Transport across a topoelectrical Weyl semimetal heterojunction

TL;DR

This paper introduces a method using topoelectrical circuits to simulate and analyze electron transport in Weyl semimetal heterostructures, revealing valley-dependent transmission and novel tunneling phenomena.

Contribution

It presents a novel approach to study Weyl semimetal heterostructures via tunable topoelectrical circuits, enabling exploration of complex tunneling and topological phases.

Findings

Transmission depends on tilt and transport direction orientation.

Valley-dependent transmission and inter-valley scattering effects.

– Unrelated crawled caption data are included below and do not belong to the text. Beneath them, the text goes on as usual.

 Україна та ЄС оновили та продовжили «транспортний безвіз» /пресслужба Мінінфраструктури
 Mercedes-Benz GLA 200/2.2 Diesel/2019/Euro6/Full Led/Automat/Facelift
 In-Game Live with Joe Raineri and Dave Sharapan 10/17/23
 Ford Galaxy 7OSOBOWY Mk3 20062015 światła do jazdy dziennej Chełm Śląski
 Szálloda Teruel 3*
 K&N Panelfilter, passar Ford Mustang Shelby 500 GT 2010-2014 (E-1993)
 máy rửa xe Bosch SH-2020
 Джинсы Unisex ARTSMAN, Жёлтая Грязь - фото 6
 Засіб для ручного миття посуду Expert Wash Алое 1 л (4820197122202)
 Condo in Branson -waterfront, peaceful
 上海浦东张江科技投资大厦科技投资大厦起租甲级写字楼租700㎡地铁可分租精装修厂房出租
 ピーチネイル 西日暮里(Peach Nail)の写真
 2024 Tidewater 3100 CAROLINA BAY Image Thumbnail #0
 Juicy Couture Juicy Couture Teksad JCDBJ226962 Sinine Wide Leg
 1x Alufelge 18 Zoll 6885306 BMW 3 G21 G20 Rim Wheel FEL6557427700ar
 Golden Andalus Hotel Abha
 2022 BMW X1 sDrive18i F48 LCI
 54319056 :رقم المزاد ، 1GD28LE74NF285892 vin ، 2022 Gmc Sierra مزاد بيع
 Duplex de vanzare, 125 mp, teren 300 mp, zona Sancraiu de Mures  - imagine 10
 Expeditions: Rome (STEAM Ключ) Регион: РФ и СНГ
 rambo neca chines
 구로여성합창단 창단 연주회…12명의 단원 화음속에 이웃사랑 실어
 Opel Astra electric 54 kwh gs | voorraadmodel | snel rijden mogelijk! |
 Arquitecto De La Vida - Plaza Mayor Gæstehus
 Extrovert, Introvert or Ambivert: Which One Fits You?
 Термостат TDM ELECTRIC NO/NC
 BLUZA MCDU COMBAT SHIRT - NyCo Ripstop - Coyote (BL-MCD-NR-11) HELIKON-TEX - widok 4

Observation of anti-Klein tunneling in certain configurations.

Abstract

We propose a general method to realize and calculate the transmission in a Weyl semimetal (WSM) heterostructure by employing a periodic three-dimensional topoelectrical (TE) circuit network. By drawing the analogy between inductor-capacitor circuit lattices and quantum mechanical tight-binding (TB) models, we show that the energy flux in a TE network is analogous to the probability flux in a TB Hamiltonian. TE systems offer a key advantage in that they can be easily tuned to achieve different topological WSM phases simply by varying the capacitances and inductances. The above analogy opens the way to the study of tunneling across heterojunctions separating different types of WSMs in TE circuits, a situation which is virtually impossible to realize in physical WSM materials. We show that the energy flux transmission in a WSM heterostructure depends highly on the relative orientation of the transport direction and the $k$-space tilt direction. For the transmission from a Type I WSM source lead to a Type II WSM drain lead, all valleys transmit equally when the tilt and transmission directions are perpendicular to each other. In contrast, large inter-valley scattering is required for transmission when the tilt and transport directions are parallel to each other, leading to valley-dependent transmission. We describe a Type III WSM phase intermediate between the Type I and Type II phases. An `anti-Klein' tunneling occurs between a Type I source and Type III drain where the transmission is totally suppressed for some valleys at normal incidence. This is in direct contrast to the usual Klein tunneling in Dirac materials where normally incident flux is perfectly transmitted. Owing to the ease of fabrication and experimental accessibility, TE circuits offer an excellent testbed to study the extraordinary transport phenomena in WSM based heterostructures.